Champion: Davis
Co-Champion: Hadley
Status: Accepted
As of dplyr 1.0.9, arrange()
uses a modified version of
base::order()
to sort columns of a data frame. Recently, vctrs gained
vec_order_radix()
, a fast radix ordering function with first class
support for data frames and custom vctrs types, along with enhanced
character ordering. The purpose of this tidyup is to propose switching
arrange()
from order()
to vec_order_radix()
in the most
user-friendly way possible.
Thanks to the data.table team, R >= 3.3 gained support for an extremely
fast radix ordering algorithm in order()
. This has become the default
algorithm for ordering most atomic types, with the notable exception of
character vectors.

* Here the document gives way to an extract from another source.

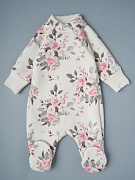 Комбинезон Little Star Цветы на креме со стойкой футер c начёсом 0214 (ЧЗ-мз) кремовый 68
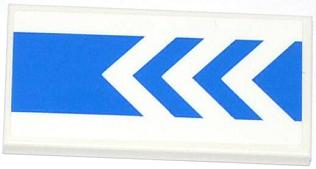 Lego Tile 2 x 4 with 3 White Arrows on Thick Blue Stripe Pattern (Sticker) - Set 4207 / White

Radix ordering character vectors is only possible in
the C locale, but the shell sort currently in use by order()
respects
the system locale. Because R is justifiably hesitant to break backwards
compatibility, if any character vector is present, the entire ordering
procedure falls back to a much slower shell sort. Because dplyr uses
order()
internally, the performance of arrange()
is negatively
affected by this fallback.
Inspired by the performance of the radix ordering algorithm, and by its
many practical applications for data science, a radix order-based
vec_order_radix()
was added to vctrs, which has the following
benefits:
-
Radix ordering on all atomic types.
-
First class support for data frames, including specifying sorting direction on a per column basis.
-
Support for an optional character transformation function, which generates an intermediate sort key that is unique to a particular locale. When sorted in the C locale, the sort key returns an ordering that would be equivalent to directly sorting the original vector in the locale that the sort key was generated for.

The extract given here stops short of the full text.